Before exploring the insights of the 2026 Everstream Analytics Risk report, we should first assess the accuracy of last year’s forecasts. The Logistics Viewpoints analyst team previously examined the 2025 report, and analyst Steve Banker shared his analysis, which is available here.

Top 5 Predicted Risks Impacting Global Supply Chains:

5: Crackdown on Forced Labor
4: Rare Metals and Minerals on Lockdown
3: More Back Doors for Cybercrime
2: Geopolitical Instability with Increased Tariff Risk
1: Drowning in Climate Change

2025 was an unprecedented year for global supply chains. Everstream Analytics forecasted the top 5 risks with the greatest potential to impact supply chains. Some predictions didn’t materialize, and others were underprojected. Unfortunately, no one has a looking glass into the future, but we can learn from what happened last year and how that may materialize for this upcoming year.

Starting at the top of the list, the crackdown on forced labor did not materialize as anticipated. The United States main focus was on tariffs and equalizing its trade deficit. At the same time, the US gave out tariffs like a free sample at your local Costco. The European Union was facing internal battles on the rollout of its Corporate Sustainability Due Diligence Directive. Eventually, it approved a reporting delay until 2029, with the expectation that the council would publish an updated list of the data the bill requires to be reported.

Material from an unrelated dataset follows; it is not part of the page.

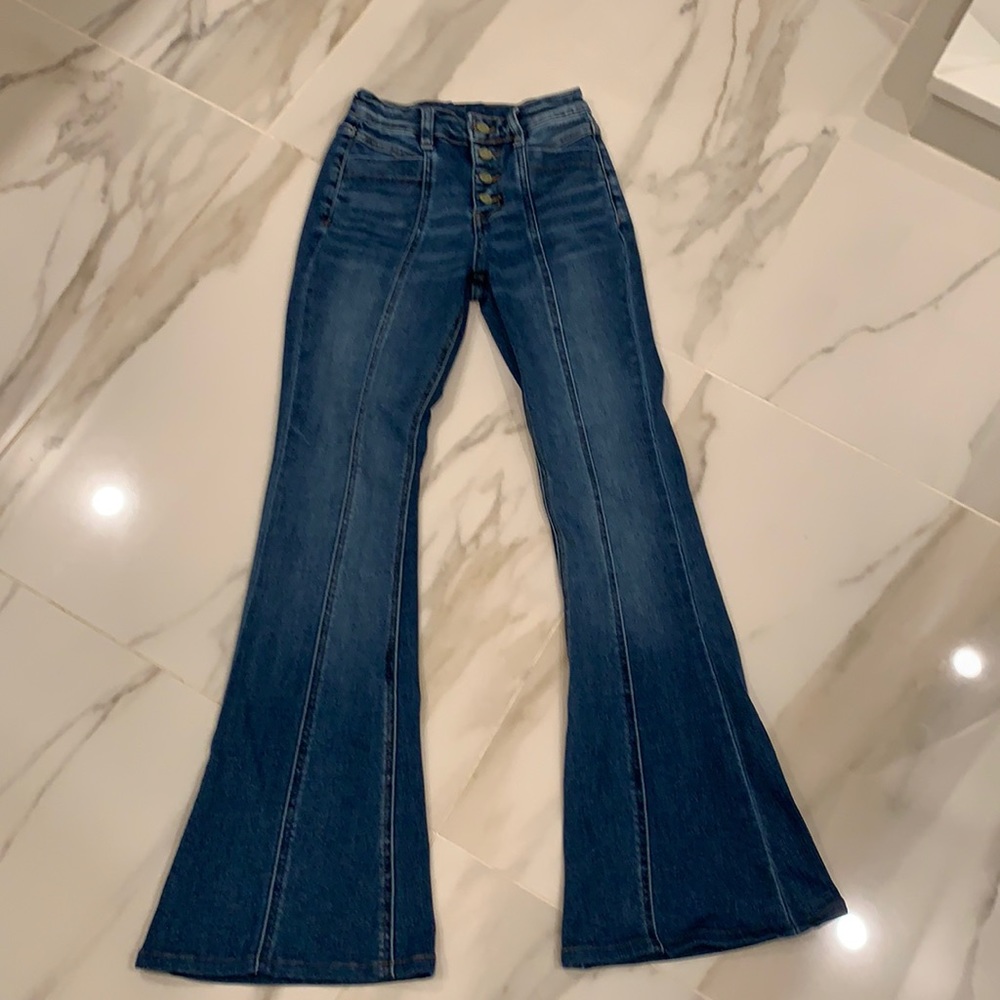 Fly monkey button down fly flare jeans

Resource Nationalism is when a government asserts greater control over its natural resources, such as oil, gas, and minerals. In April, the Chinese government issued an export control requiring suppliers to apply for new export licences for seven rare earth minerals and related products. Companies must navigate these complex licensing processes and potentially require approval for products made with Chinese technology. Adversely, in Trump’s OBBB tax bill, various requirements were included so that a company’s product would be unable to qualify for a tax credit if the product was made with Chinese materials tigheting the resources available to be used in a product and where they could be sourced from.

Cyberattacks were unfortunately prevalent in 2025 and are becoming more creative in their strategies of attack. In the last year, we saw third-party attacks on Salesforce, stealing their records, including those of Marks & Spencer and South Korea’s SK Telecom. In the last days of the year, a truck carrying $400k worth of Lobsters was hijacked at the warehouse before it could get to its destination of Costco.

Geopolitical instability was a driver of disruption in 2025, but not in the way predicted. Tariffs took center stage as the primary driver of global supply chain disruptions. The Houthi attacks that were prevalent in 2024 did not persist in 2025. Additionally, the ceasefire between Israel and Hamas in October 2025 helped mitigate escalation in the area, but not completely. The invasion of Ukraine by Russia persists and remains a high-level risk area. Geopolitical Instability remains a driver of interruption and risk, but in a changing form. Companies must remain vigilant and aware of ongoing areas of risk and plan for potential interruptions.

Climate change in 2025 supercharged natural disasters across the entire United States, including fires in the west, tornadoes in the Midwest, and widespread flooding in Texas. Southeast Asia and the Caribbean were pummeled by record breaking Typhoons and Hurricanes fueled by the abnormally warm waters. Climate change remains a consistently growing risk facing supply chains on a global scale.

Everstream concludes that while climate change remains a major risk, geopolitical instability should have been the top risk for 2025.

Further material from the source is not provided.